J Knee Surg 2018; 31(01): 087-091
DOI: 10.1055/s-0037-1602132
Original Article
Thieme Medical Publishers 333 Seventh Avenue, New York, NY 10001, USA.

Patient-Reported Outcomes following Single- and Multiple-Radius Total Knee Replacement: A Randomized, Controlled Trial

Nadeem Mushtaq1, Alexander D. Liddle2, David Isaac3, Katherine Dillow4, Paul Gill5
  • 1Department of Trauma and Orthopaedic Surgery, Imperial College Healthcare NHS Trust, London, United Kingdom
  • 2University College London Institute of Orthopaedics and Musculoskeletal Science, Royal National Orthopaedic Hospital, University College London, Brockley Hill, Stanmore, United Kingdom
  • 3Department of Trauma and Orthopaedic Surgery, Torbay Hospital NHS Foundation Trust, Torbay, United Kingdom
  • 4Department of Trauma and Orthopaedic Surgery, Dartford and Gravesham NHS Trust, Dartford, United Kingdom
  • 5Department of Trauma and Orthopaedic Surgery, Princess Royal University Hospital, London, United Kingdom
Further Information

Publication History

24 August 2015

09 March 2017

Publication Date:
05 May 2017 (eFirst)

Abstract

Although single-radius (SR) designs of total knee replacement (TKR) have theoretical benefits, the clinical advantage conferred by such designs is unknown.

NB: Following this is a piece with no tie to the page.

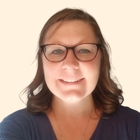 Julia Peterson, Counselor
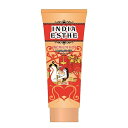 インドエステ ヒートバーニングジェル 200g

The aim of this randomized, controlled study was to compare the short-term clinical outcomes of the two design rationales. A total of 105 knees were randomized to receive either a single radius (Scorpio, Stryker; SR Group) or multiple radius (AGC, Zimmer Biomet; MR group) TKR. Patient-reported outcomes (Oxford Knee Score [OKS] and Knee Society Score [KSS]) were collected at 6 weeks, 6 months, and 1 year following surgery. No knees were revised. There was no difference in primary outcomes: OKS was 39.5 (95% confidence interval [CI]: 36.9–42.1) in the SR group and 38.1 (95% CI: 36.0–40.3) in the MR group (p = 0.40). KSS was 168.4 (95% CI: 159.8–177.0) in the SR group; 159.5 (95% CI 150.5–168.5) in the MR group (p = 0.16). There was a small but statistically significant difference in the degree of change of the objective subscale of the KSS, favoring the SR design (p = 0.04), but this is of uncertain clinical relevance. The reported benefits of SR designs do not provide demonstrable functional advantages in the short term.